From my own (anecdotal) observation, there's a class of films where the 'Females 45+' rating is a big outlier in the voting, with a large proportion of '1' votes. it's as if there's a gang of a few hundred users consistently downvoting films who are classed by IMDB as being part of that demographic - I don't know if it's a default setting that some bots or trolls have used or if there really are a bunch of cinephobic old women out there just watching and hating on films, but it did spark my curiosity as to what the pattern was. It doesn't happen in every film, and it's rare that you see any other demographic sticking out like this.
The best examples are critically acclaimed films with low voter counts. More popular, or less well-received films tend to have a lot of negative noise to begin with, so the effect is less noticeable, if it's there at all.
That is exactly why I generally prefer median-like average methods versus mean-like averages in these type of crowdsourced systems. Generally speaking, average votes are distributed evenly whereas the ratings on the edges are not. The movies that you gave as examples could be due to preference of voters for particular type of movies.
I don't think it would make much odds for IMDB. Sure you'll maybe negate the overly high proportion of extreme votes, but I don't think that effect is large. I did once take the top films on IMDB and remove the extreme votes, and the effect was marginal - a few films shuffled a place or so. In exchange, if you use the median, you could have polarising films - like Twilight, having their ratings change markedly over time, as people decide to start warring over it and the numbers swamp the small number of ambivalents.
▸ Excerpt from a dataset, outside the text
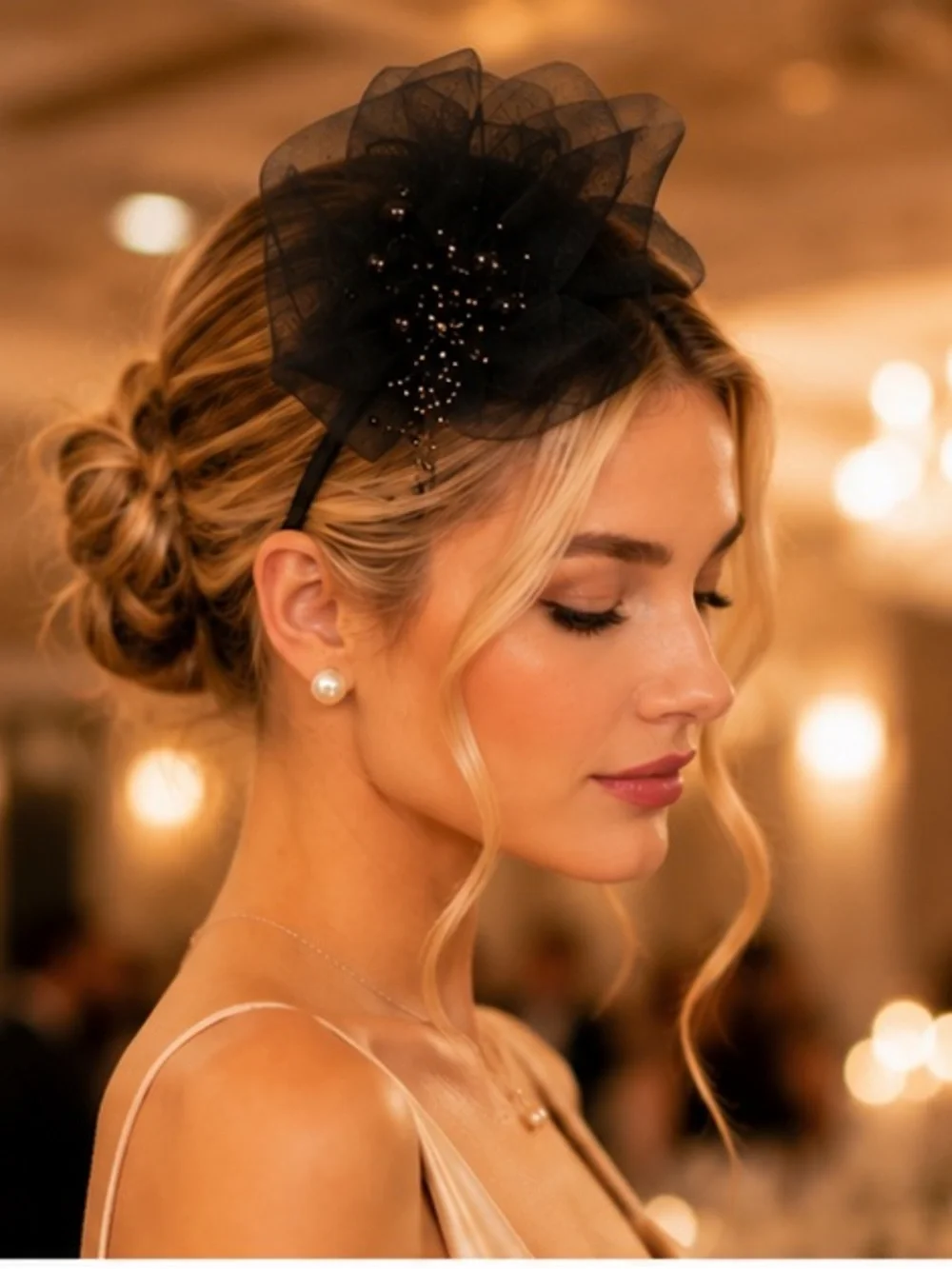 Elegant Black Floral Mesh Headband with Bead Accent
For your other point, there will be voting patterns for various demographics and certain groups of people prefer certain movies. But I think the phenomenon I'm describing is a bit too extreme to be merely a bunch of old women disproportionately taking a dislike to Ikiru and then rushing onto the internet to tell the world they hate it. It is the smallest demographic IMDB has, so it's not hurting the ratings of the films in general, it's just an oddity.
So, I tried to do cluster the outlines but generally they are quite short and does not reveal much about what the movies are about but rather the plot. So, I am a little skeptical if it yields good results for subtitles.
That or it is becoming increasingly harder to entertain people with new ideas as they watch more and more movies. People could be getting desensitized to entertainment.